You’ve likely heard some variation of it from a friend, a colleague, a peer, maybe even yourself. If not, walk into any Ann Arbor barber shop or bar; it won’t take long.
This is the year…
Said person then pauses long enough to consider what that entails — double-digit wins, a Big Ten Championship, College Football Playoff — but not long enough to contemplate the means to get there.
Historically speaking, this is the year. Or, at least, it should be.
Dabo Swinney went 19-15 in his first three years at Clemson before winning 10 games and an ACC Title in his fourth season. He hasn’t won fewer than 10 games in a season since, and has lifted Clemson to the perch of college football’s elite programs.
Jimbo Fisher went 31-10 in his first three years at Florida State before going 14-0 and winning the national title in his fourth season.
Lloyd Carr did it his third year, leading Michigan to a 12-0 season and the shared 1997 national championship after going 17-8 his first two seasons. Unless you’re Urban Meyer at Ohio State or Kirby Smart at Georgia, turning a program around is gradual. But all elite programs take flight at one point or another, reaching their cruising altitude. This would be Michigan’s time to do so.
Jim Harbaugh is 28-11 in his first three seasons at Michigan. The bulk of the 2018 team comes from his first two full recruiting classes, both of which are brimming with talent. For years there have been whispers of what 2018 could bring.
This is the year. This was always supposed to be the year. This should be the year. But there’s a foreboding discomfort, a mysterious undergirding — and frankly, far more intrigue — in the latter part of that sentence. Or else.
This team has talent. It has one of the best defenses in the country, on par with the 2016 unit. It has at least a dozen future NFL draft picks. It has offensive weapons. It finally has a quarterback.
But it also has questions; perhaps deep, troubling questions. For one, what good is a quarterback without the means to protect him? The Wolverines’ offensive line ranked 117th nationally in adjusted sack rate in 2017, and promptly lost its best offensive linemen, Mason Cole, to the draft. For another, how can you expect to navigate a Big Ten Title when your signature road win of the Harbaugh era is… at Michigan State during its 3-9 debacle? At Minnesota in 2015?
So what if this isn’t actually the year? What are the true consequences of the or else portion? What does that even mean?
Let’s say, for the sake of preseason hypotheticals, Michigan loses three of the five games they will either be a betting underdog or close to it: at Notre Dame, at Michigan State, home for Wisconsin, home for Penn State, at Ohio State. Michigan hasn’t beaten a top-20 team on the road in 12 years, and all five are currently ranked inside the top-15.
That bears out a 9-3 season. Let’s say one of those losses is Ohio State. Let’s say this leads to an appearance in the Capital One Bowl.

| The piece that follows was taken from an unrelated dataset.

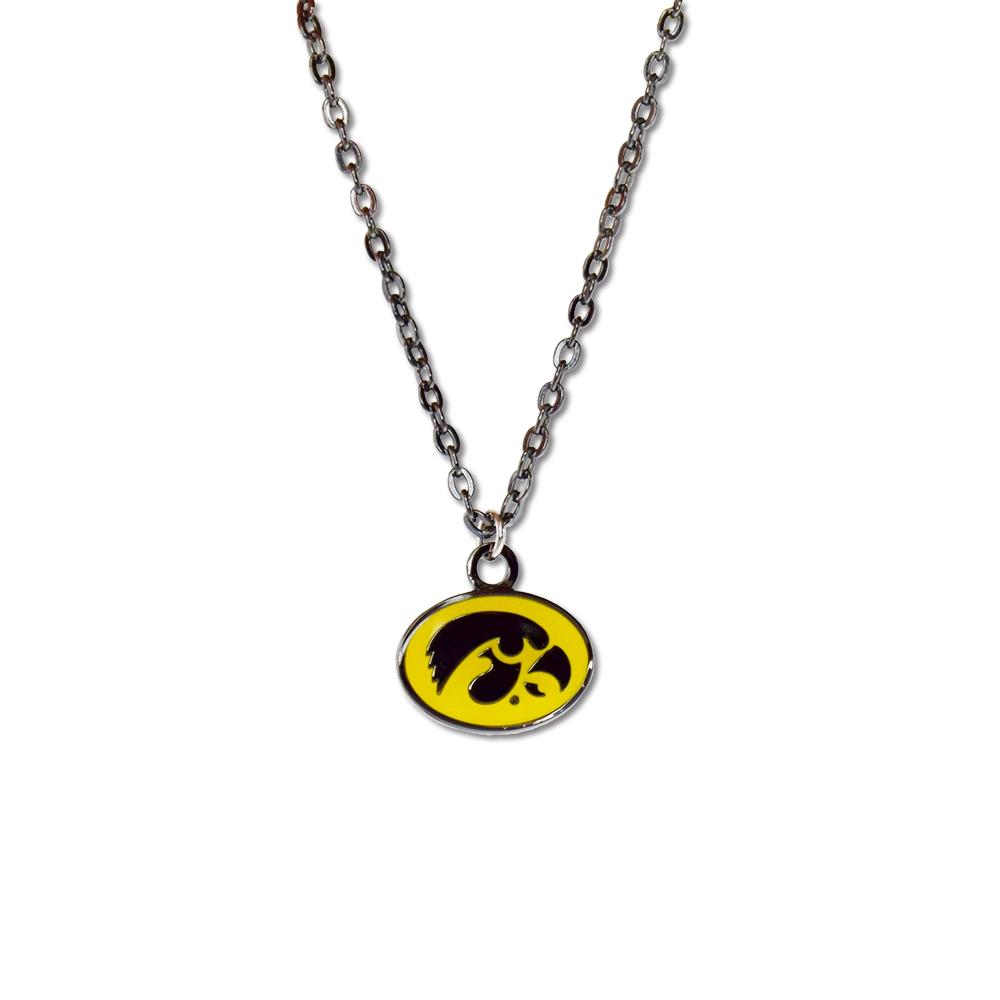 IOWA HAWKEYES FAN NECKLACE featuring a silver pendant with the Hawkeye logo and an adjustable chain.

Far from a disastrous year, the Wolverines merely succumbed to the gauntlet of arguably the nation’s toughest schedule.
What would be the consequences?
If your mind wanders to Jim Harbaugh’s job security, wander elsewhere. He’s won 28 games in three seasons at the helm; Michigan won just 20 in the three years before he took over. He came inches from beating Ohio State in 2016 and a probable College Football Playoff spot, and a once-in-a-generation punter gaffe from winning 11 games in his first season. He’s turned around the program in terms of on-field play and off-field perception. He’s not going anywhere, anytime soon.
But in this scenario, the program would have reached a tedious plateau. It would be four years under Harbaugh without any titles to show — and likely another mass departure to the NFL from some of the best players (namely, Rashan Gary, Devin Bush, Khaleke Hudson, Chase Winovich, Shea Patterson, and potentially others), followed by another 2017-esque challenge.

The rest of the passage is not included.